Journalists targetted by death threats and insults, but also politicians’ caustic comments

May 15, 2020


Jovana Gligorijević, assistant editor-in-chief of weekly news magazine Vreme, has been threatened via Instagram by an unknown individual, who described her as: “Human waste and the dregs of society” warning that “payment day is near”, which the journalist reported to the prosecution service.

The Vreme editorial department and the group Journalists Against Violence reminded that Jovana Gligorijević has been receiving death threats since 2016, while her home address and personal ID No. have been published in comments on YouTube. They are seeking an urgent response from the relevant authorities.

Instead of learning about the arrest of the person who issued the threats from the police or the prosecutor’s office, the public – and even the journalist herself – were informed at a press conference of Serbian President Aleksandar Vučić. He announced the initials of the person arrested and called on citizens not to threaten journalists.

During the nationwide state of emergency, Magda Janjić, executive editor of portal nova.rs, was branded a “sick lesbian who hates Serbia” by journalist Zoran Ćirjaković on both national frequency television channel TV Happy and on the YouTube channel of Balkan Info, which Janjić interpreted as the carving of a target on her back.

Speaking to Cenzolovka, Janjić said that a calculated attack was underway against the portal nova.rs and its journalists, primarily the journalists who provide reminders of the arrest of Ana Lalić. Lalić was arrested and held overnight by police on 1st April in response to an article she wrote about the lack of protective equipment at a Novi Sad hospital.

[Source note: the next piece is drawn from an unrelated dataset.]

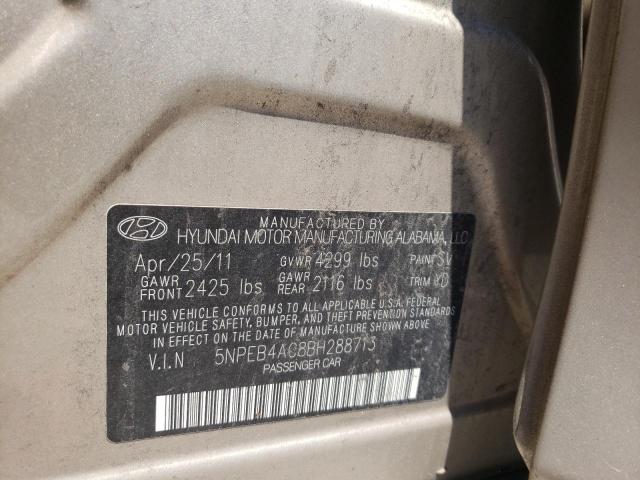 Photo 10 from auction – 2011 HYUNDAI SONATA GLS with VIN 5NPEB4AC8BH288713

N1 TV reporter Tatjana Aleksić endured an unpleasant experience in the hall of the National Assembly of Serbia, when Saša Radulović, an MP of the opposition Dosta je bilo (Enough is Enough) party, began yelling at her, claiming that this journalist deliberately interfered with his party’s press conference by loudly interviewing MP Gordana Čomić in a live broadcast on TV N1. The hall of the Serbian National Assembly is generally used to hold press conferences, but is also the only place where journalists can record MPs’ statements.